Ce qui est certain. Les accusations des équipes de Macron sont en partie fondées. Il est difficilement contestable de ne pas présenter RT ou Sputnik comme étant prorusses. "Ces deux médias sont de fait contrôlés par l'Etat russe et sont les fers de lance de ce qui est présenté à Moscou comme une contre-offensive informationnelle en direction de l'Occident", détaille pour franceinfo Arnaud Dubien, directeur de l'Observatoire franco-russe et chercheur associé à l'Iris (Institut des relations internationales et stratégiques).
"La Russie – au-delà d'ailleurs des seuls cercles officiels – se sent agressée par les médias occidentaux, dont elle considère qu'ils parlent d'elle seulement à charge, la dénigrent systématiquement, voire cherchent à lui nuire en permanence", explique-t-il."Les perceptions russes du climat général des relations avec l'Occident sont peu connues et prises en compte."

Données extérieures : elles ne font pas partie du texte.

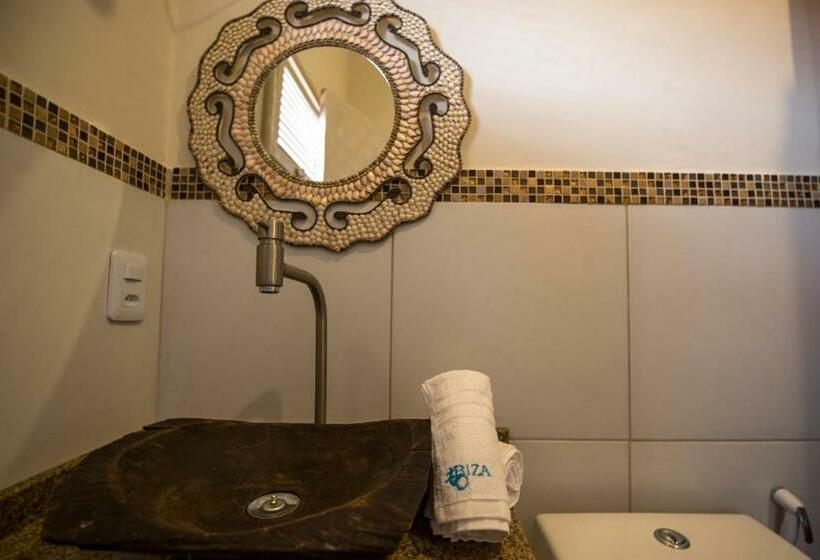 Номер Стандарт, Hostel Ibiza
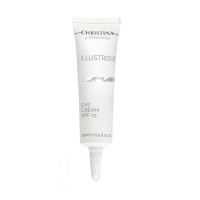 Christina Illustrious Eye Cream SPF 15 Крем для шкіри навколо очей SPF 15 15 мл Christina Illustrious Eye Cream SPF 15 Крем для шкіри навколо очей SPF 15 15 мл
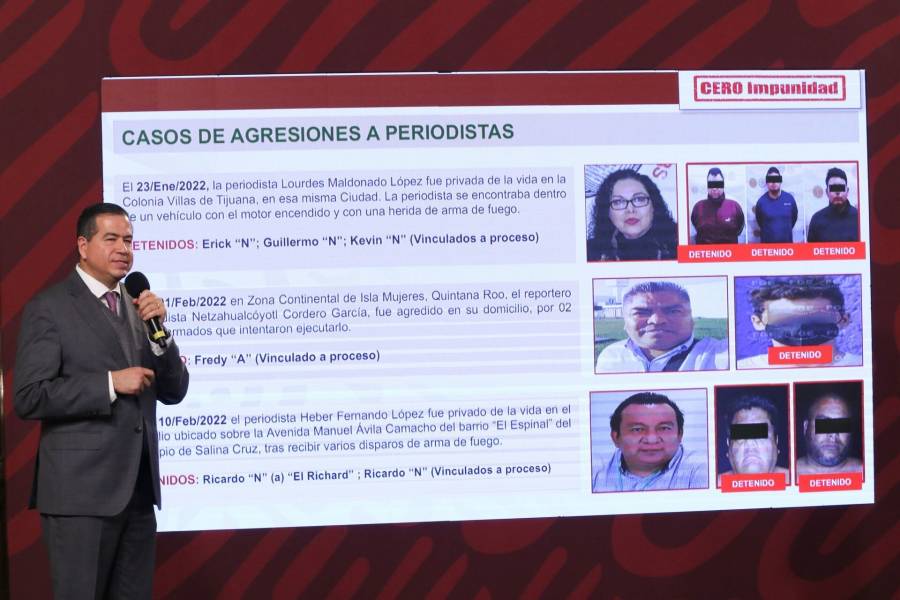 “Ya no somos colonia de nadie”, responde Gobierno Federal al Parlamento Europeo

Ce que l'on peut questionner. Pour autant, doit-on craindre que ces deux médias déstabilisent la présidentielle, au détriment d'Emmanuel Macron ? Ce serait sans doute leur donner trop d'importance. "Compte tenu de l'audience limitée de ces médias et de l'ancienneté de la tradition démocratique en France, je pense que l'impact éventuel sur le scrutin présidentiel sera nul", assure Arnaud Dubien.
Ce que conteste En Marche !. "Nous n'aurions pas mentionné RT et Sputnik dans notre appel si leurs campagnes hostiles se limitaient à leur lectorat de base, nous indique l'entourage du candidat. Le vrai problème c'est que de très nombreux médias français 'institutionnels' reprennent les prétendues informations de ces sites comme s'il s'agissait d'informations réelles. Et lorsqu'elles sont reprises, ses allégations trouvent une résonance considérable notamment sur les réseaux sociaux." L'équipe du candidat en appelle "à la responsabilité et à la conscience des médias français et étrangers libres".
Par ailleurs, affirme Arnaud Dubien, "il n'est pas avéré qu'il y ait eu un ordre d'en haut, à Moscou, pour œuvrer contre Macron". Enfin, il estime que "les élections ne se font pas à l'étranger". "Je pense en l'occurence que les équipes de Macron surjouent le sujet 'Russie' car elles estiment précisément que se positionner contre Poutine est populaire", conclut le chercheur.
Réponse de l'équipe Macron : "Nous ne nous positionnons pas contre Poutine mais contre un agenda politique masqué visant à déstabiliser le débat public français y compris en manipulant les médias libres."